--- Task inputs Enclosed Below ---

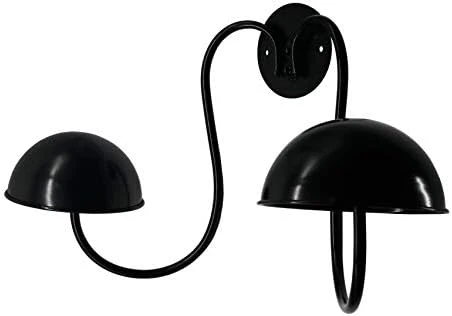 Owlgift Modern Metal Wall Mounted Entryway Retail Hat Rack/Wig Display Stand W/ 2 Circular Hat Hooks, Black 5 Owlgift Modern Metal Wall Mounted Entryway Retail Hat Rack/Wig Display Stand W/ 2 Circular Hat Hooks, Black - Image 5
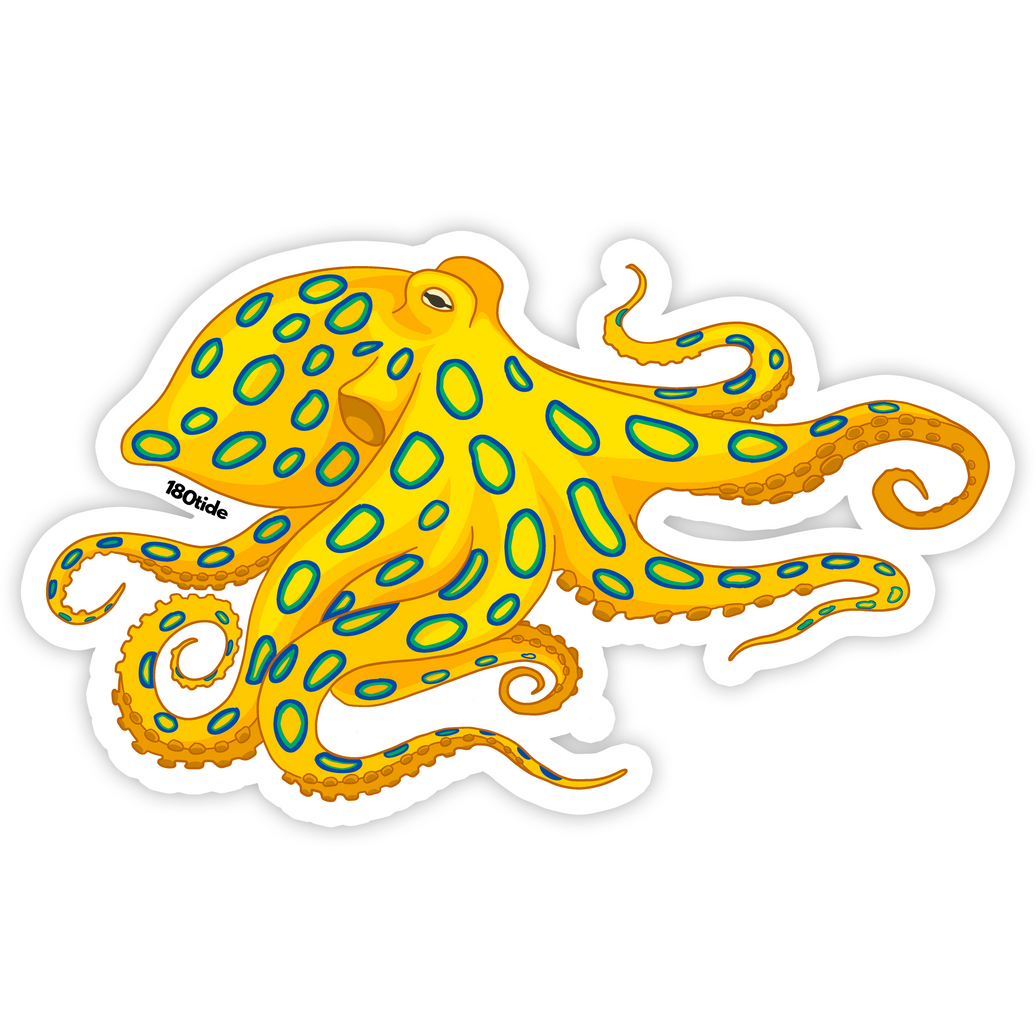 Blue-Ringed Octopus Sticker, die-cut vinyl sticker, front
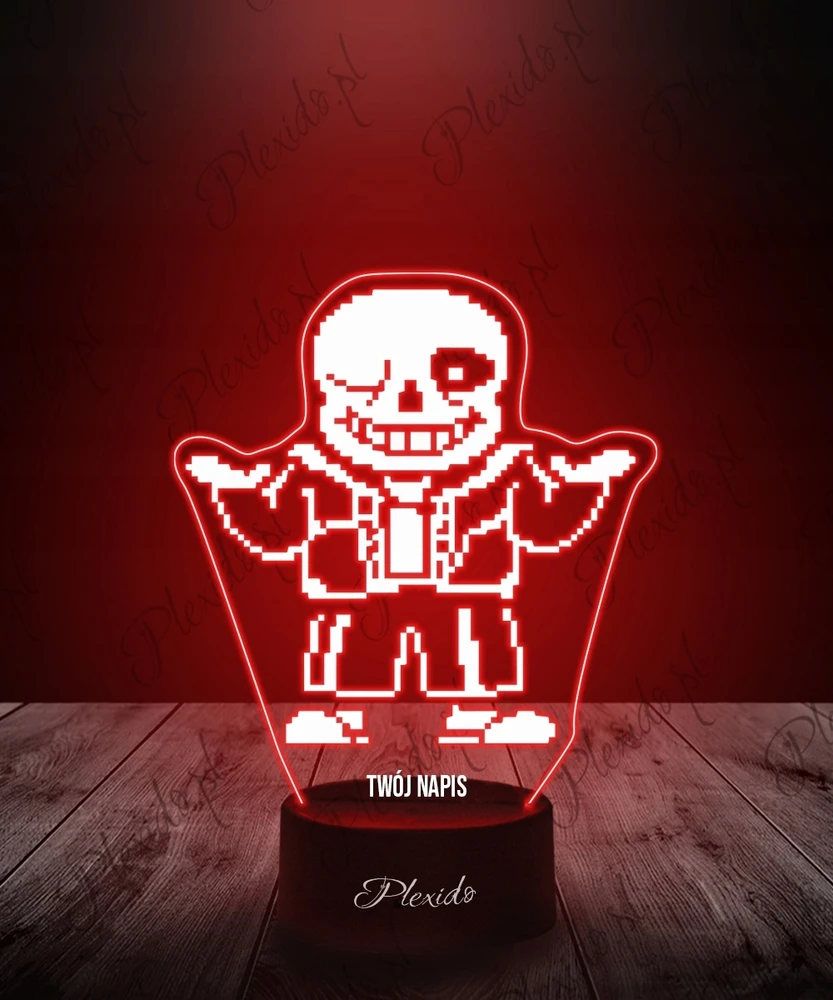 Plexido Lampka Nocna LED 3D Undertale W.D Gaster Sans Prezent Twój Napis Grawer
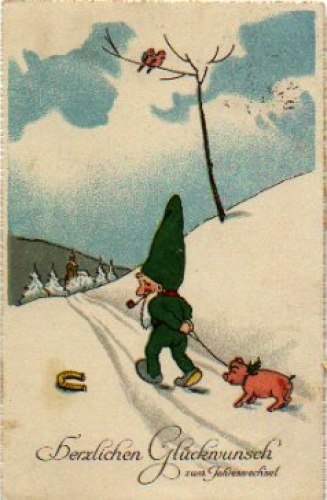 Dwarf with pig o December 23, 1928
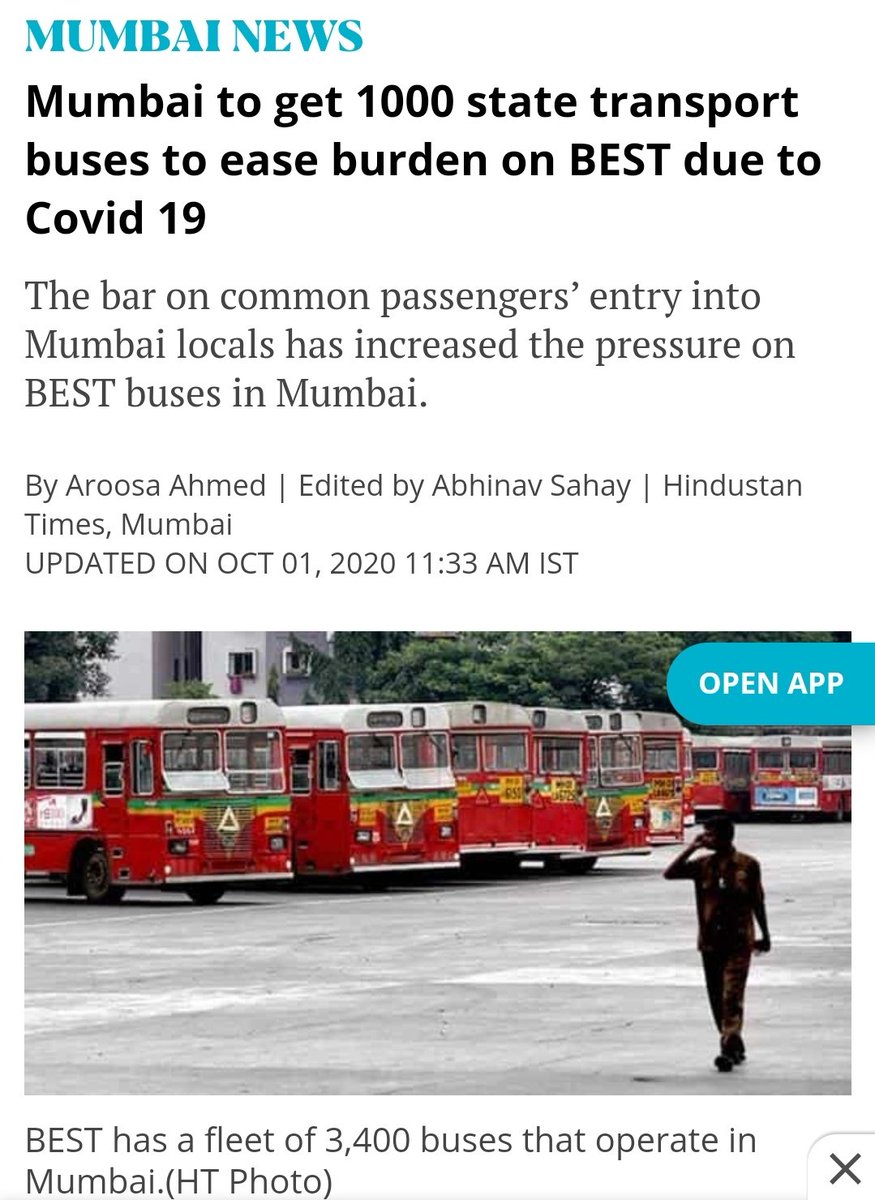 Finally in October 2020, BEST decided to lease 1000 buses from MH State Transport (MSRTC).BEST had a fleet of 3400 buses, which was carrying 25 lakh passengers each day, now 1000 more added, so you can imagine wat kind of social distancing was maintained in those buses.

--- End of Enclosed Task inputs ---

Your reply should hold every line above exactly as written and none of the pictures.

• **Response**:
 Owlgift Modern Metal Wall Mounted Entryway Retail Hat Rack/Wig Display Stand W/ 2 Circular Hat Hooks, Black 5 Owlgift Modern Metal Wall Mounted Entryway Retail Hat Rack/Wig Display Stand W/ 2 Circular Hat Hooks, Black - Image 5
 Blue-Ringed Octopus Sticker, die-cut vinyl sticker, front
 Plexido Lampka Nocna LED 3D Undertale W.D Gaster Sans Prezent Twój Napis Grawer
 Dwarf with pig o December 23, 1928
 Finally in October 2020, BEST decided to lease 1000 buses from MH State Transport (MSRTC).BEST had a fleet of 3400 buses, which was carrying 25 lakh passengers each day, now 1000 more added, so you can imagine wat kind of social distancing was maintained in those buses.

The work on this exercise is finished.